Emil Johansson Hampus Ahrén

HAMPUS AHRÉN

Als kleiner Junge verfolgte ich die Weltmeisterschaften und bewunderte die Spieler, die Auszeichnungen erhielten. Ich fühle mich sehr geehrt, dass ich nun auch zu diesen Spielern gehöre und Teil des sechsköpfigen All-Star-Teams sein darf. Ein unbeschreibliches Erlebnis, zum zweiten Mal Weltmeister zu werden. Wir konnten das positive Gefühl aus dem Halbfinal ins Endspiel mitnehmen und durch einen guten Start weiter verstärken. Der Schlüssel zum Erfolg war unsere Defensivarbeit, die es uns erlaubte, die Qualität in der Offensive auszuspielen.

Das 3:11 im Halbfinal gegen Tschechien gehört zu den dunkelsten Kapiteln der Schweizer Unihockey-Geschichte.

LEADER ABGETAUCHT

Bis zum Halbfinal zeigte eine Handvoll Schweizer gute Leistungen. Tobias Heller und Christoph Meier überzeugten mit Courage und Zielstrebigkeit. Claudio Laely holte alles aus seinen Qualitäten heraus, Michael Schiess war spielwitzig und Manuel Maurer lieferte Tore. Doch der Växjö-Stürmer steht sinnbildlich für die Kritik an den Leistungsträgern: ab dem Halbfinal schaute wie so oft nichts Zählbares mehr heraus.
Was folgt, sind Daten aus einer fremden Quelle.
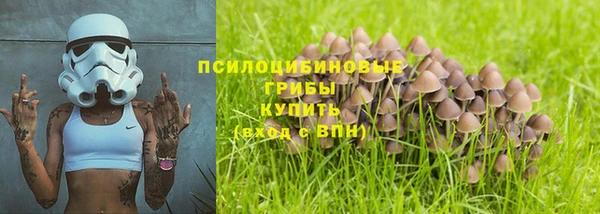 ешки Балахна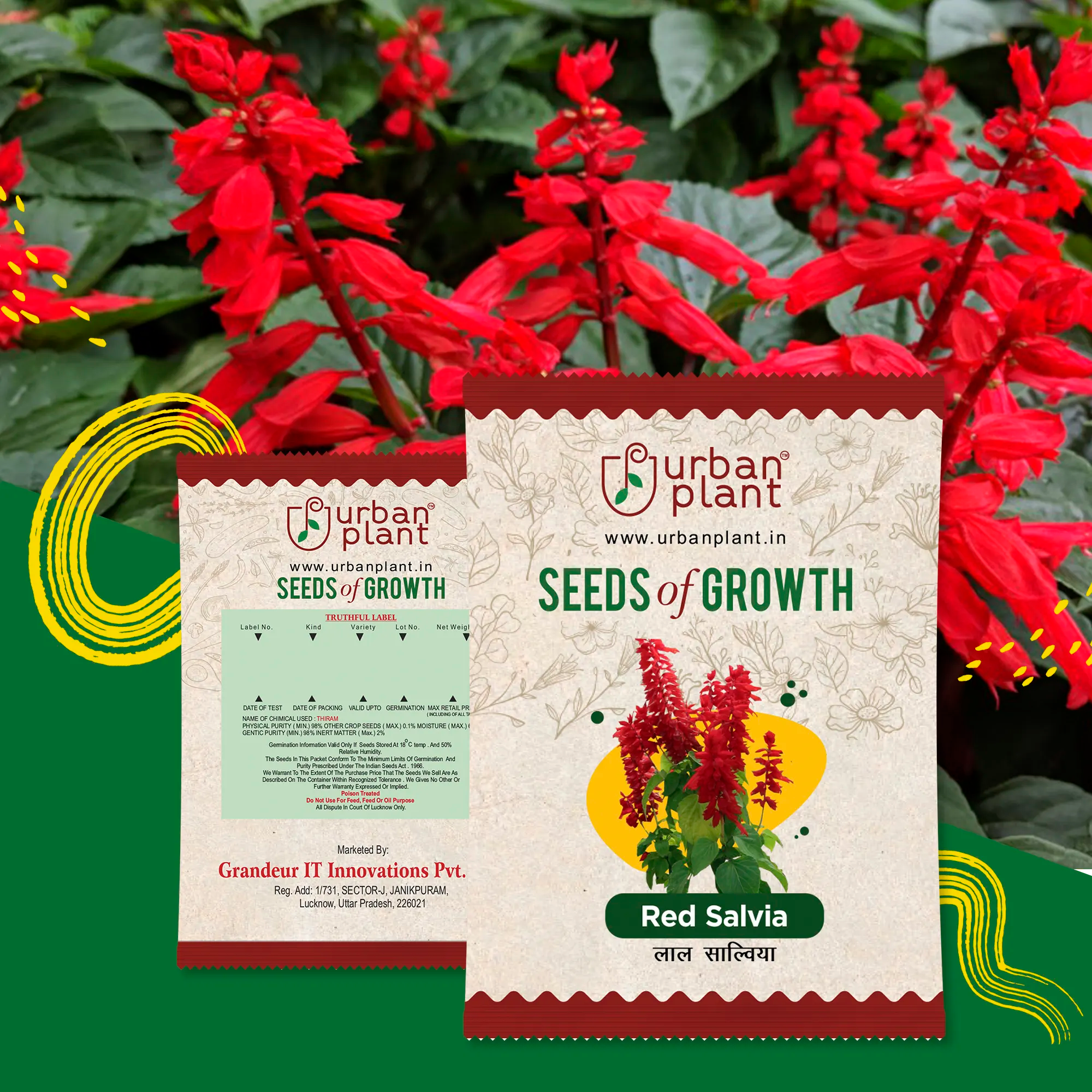 Red Salvia Flower Seeds Urban Plant 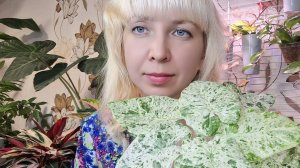 Пересадка алоказии Одора Батик, какой грунт и удобрения использую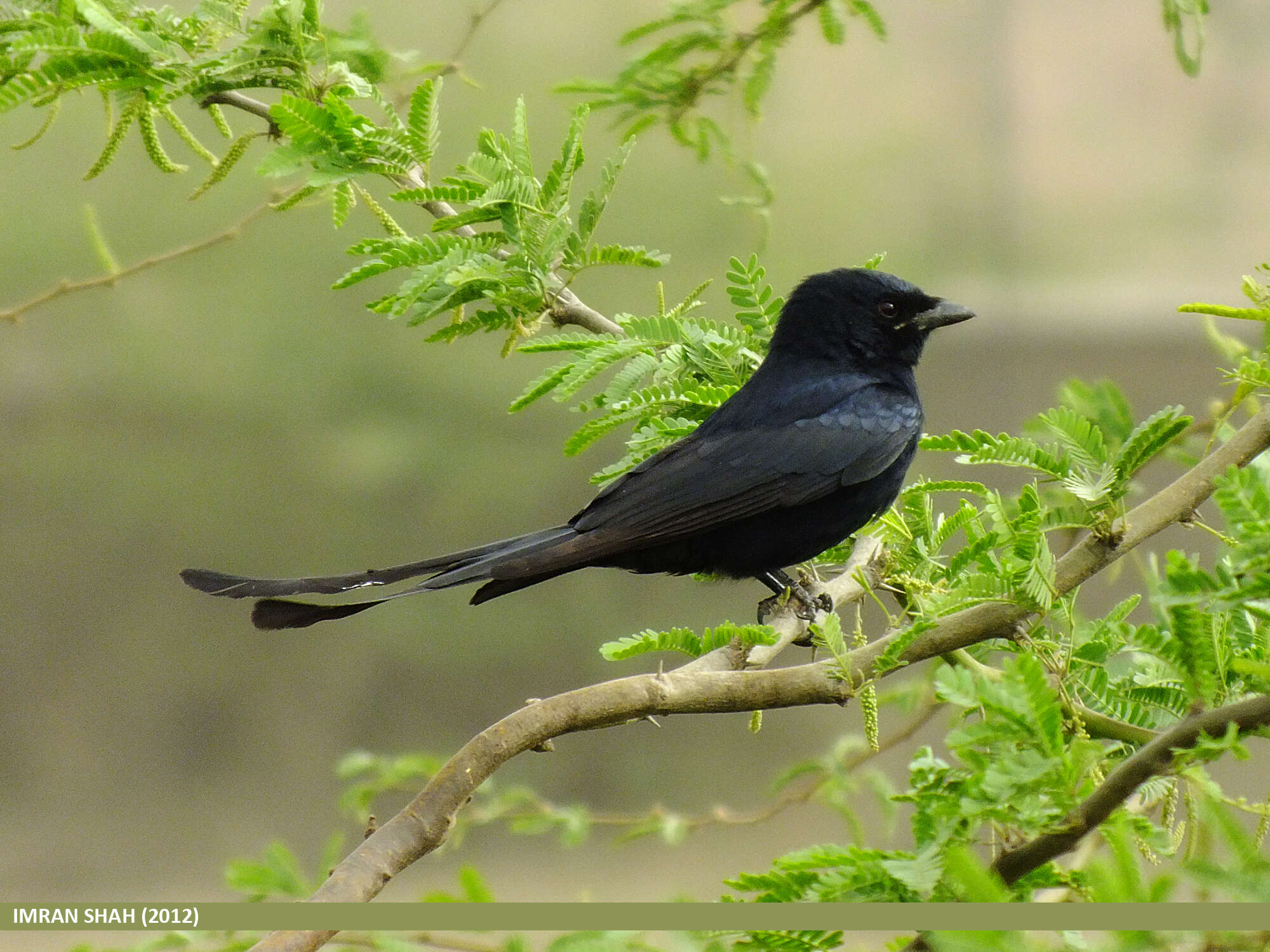 Image of Black Drongo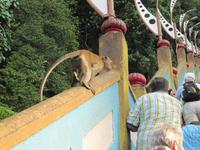 0245 Batuhöhlen Kuala Lumpur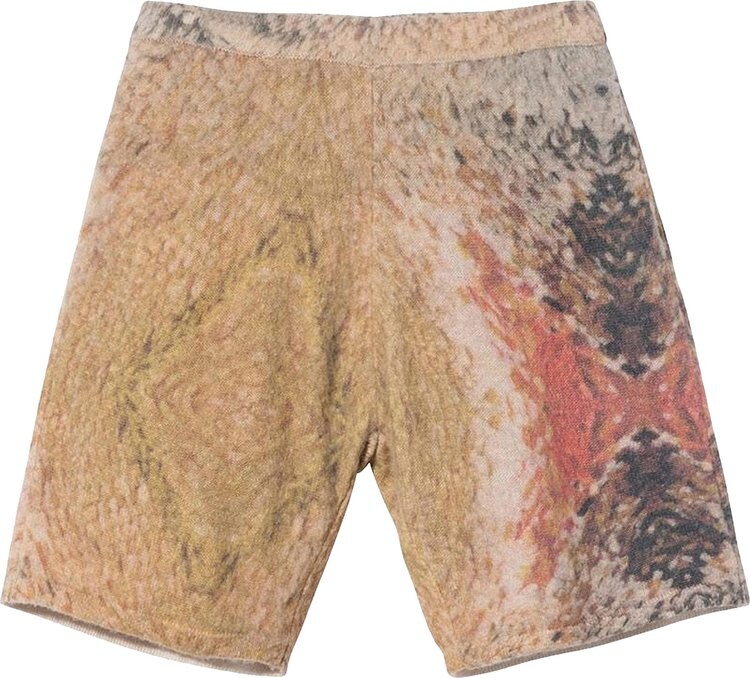

Шорты Stussy Wings Print Knit Short 'Multi', разноцветный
Luca Graf, Tim Braillard oder Joël Rüegger bestritten schon mindestens ihre vierte WM, blieben aber ohne grossen Einfluss aufs Spiel. Von Leistungsträgern wie Jan Zaugg, Nicola Bischofberger oder Pascal Meier kam in der Gesamtabrechnung ebenfalls zu wenig. Und Spieler wie Nils Conrad, Jan Bürki oder Schiess verpassten den nächsten Entwicklungsschritt.
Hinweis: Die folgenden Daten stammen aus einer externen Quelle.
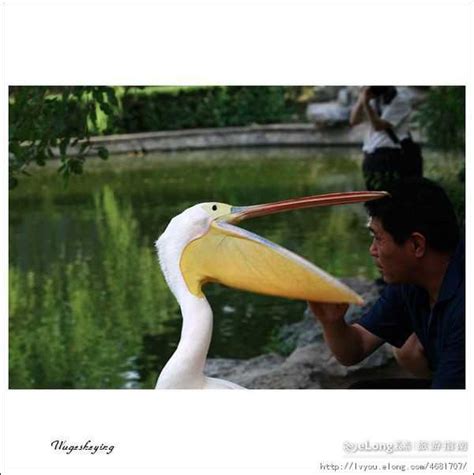 鹈鹕什么都吃吗 “吃人”的疯狂鹈鹕 - 综合 - 郴州生活网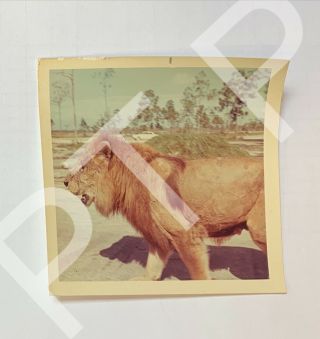 Vintage Found Photo Snapshot Of An African Lion Safari Big Cat 1970s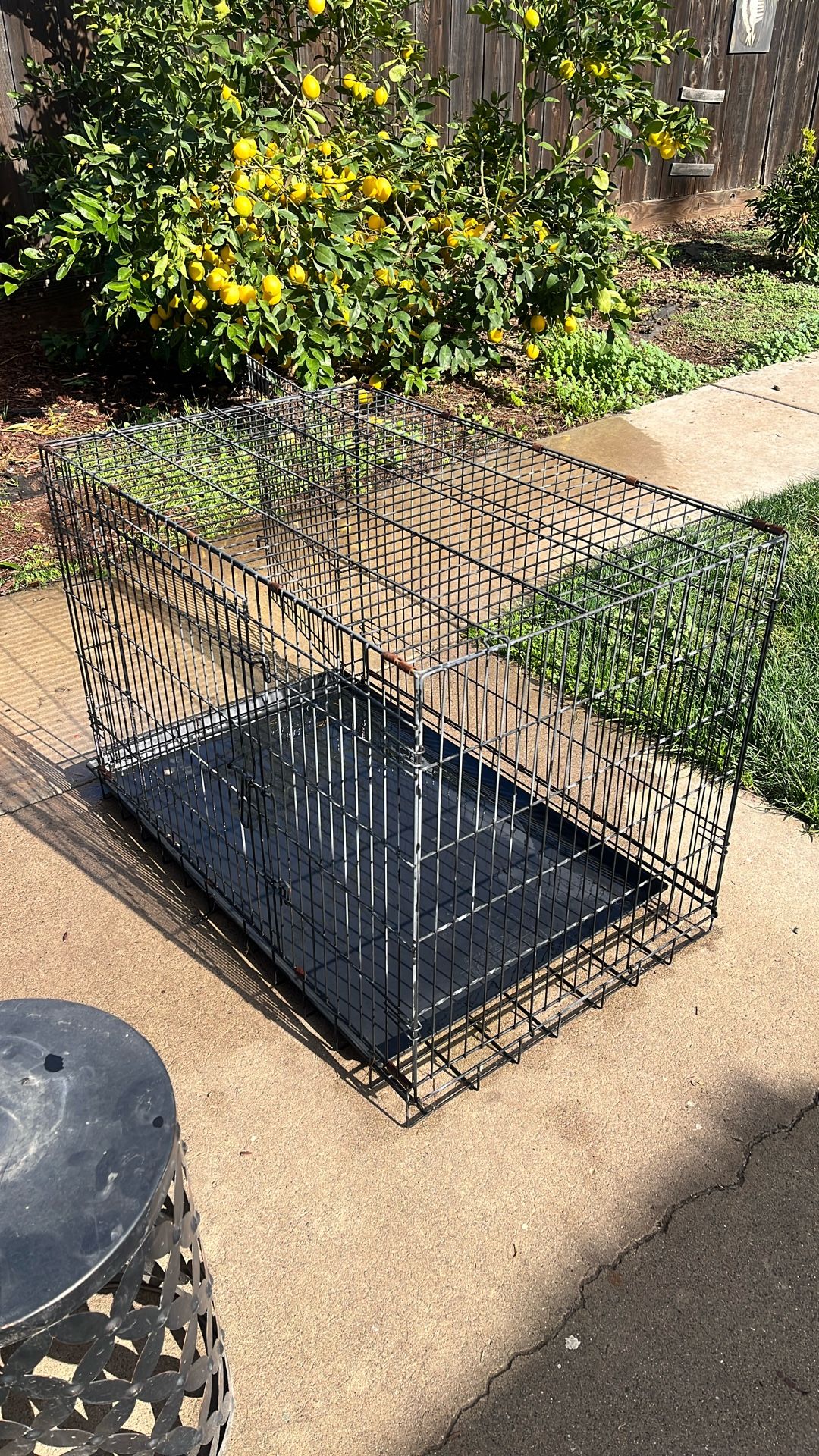 Large Dog Crate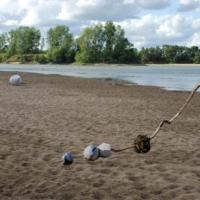 Imagin'Eaux, Montjean/Loire, bois, pierres et éléments des bords de Loire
Der einzige Akteur der sich im Verlauf des Turniers steigerte – so wie es die Top-Spieler der Schweden, Finnen und Tschechen können – war Altmeister Patrick Mendelin. Bei seiner sechsten WM stemmte sich der Basler gegen das Ungemach und übernahm Verantwortung, während andere abtauchten.
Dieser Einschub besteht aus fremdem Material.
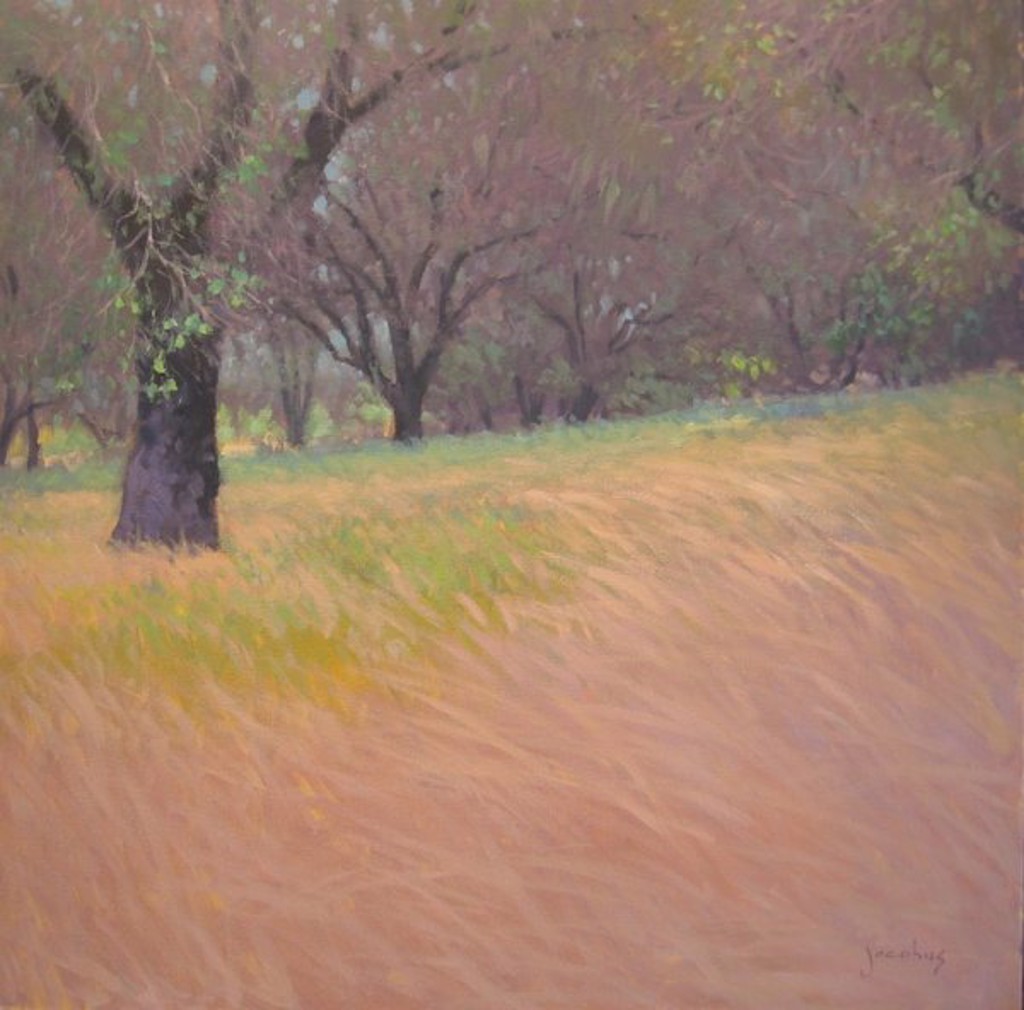 Sonoma Oaks by Jacobus Baas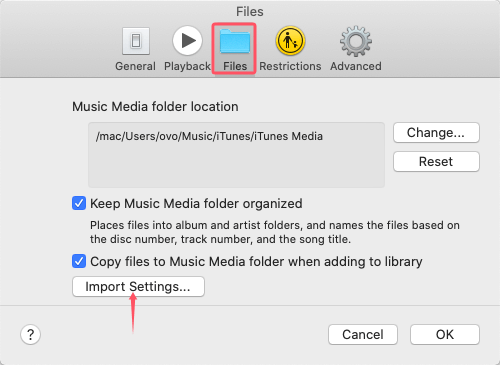 Apple Music Files Import Settings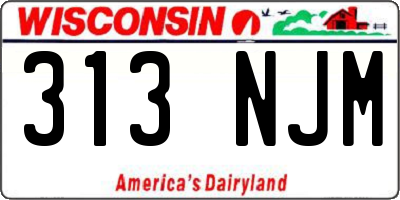 WI license plate 313NJM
Der junge Noël Seiler hat noch einen langen Weg vor sich und setzte nicht alles perfekt um, doch mit seiner Unbeschwertheit versprühte er als einer der wenigen am Final-Wochenende zumindest Energie. Gleiches gilt für Deny Känzig, der nur sporadisch eingesetzt wurde, aber befreit auftrat. Dass gerade sie belebende Elemente im Schweizer Spiel waren, muss kein Zufall sein. Sie stiessen erst später zum Team und waren entsprechend nicht so sehr von der hohen Zielsetzung und dem damit verbundenen Druck eingenommen wie einige ihrer Mitspieler.

Nur gerade drei neue Gesichter hatte die Nati im Vergleich zur WM vor vier Jahren in Prag. Kontinuität ist oft erfolgsversprechend, doch in diesem Fall war es für die Schweiz – rückblickend betrachtet – wohl des Guten zu viel, zumal sich einige Leistungsträger in ihren Klubs schon seit Monaten in schwacher Form befanden.

Im seit 2014 ältesten WM-Team (sieben Spieler über 30 Jahre alt) wird es zweifellos zu einem Umbruch kommen, auch wenn noch niemand konkret seinen NatiRücktritt angedeutet hat. Die Zeit ist gekommen, um Akteuren wie Jan Ziehli, Yann Ruh, Yannis Wyss, Florian Wenk, Stefan Hutzli, Claudio Schmid, Simon Laubscher, Levin Conrad oder Pascal Michel eine (weitere) Chance zu geben. Der Spielerpool muss auf jeden Fall wieder weiter geöffnet werden.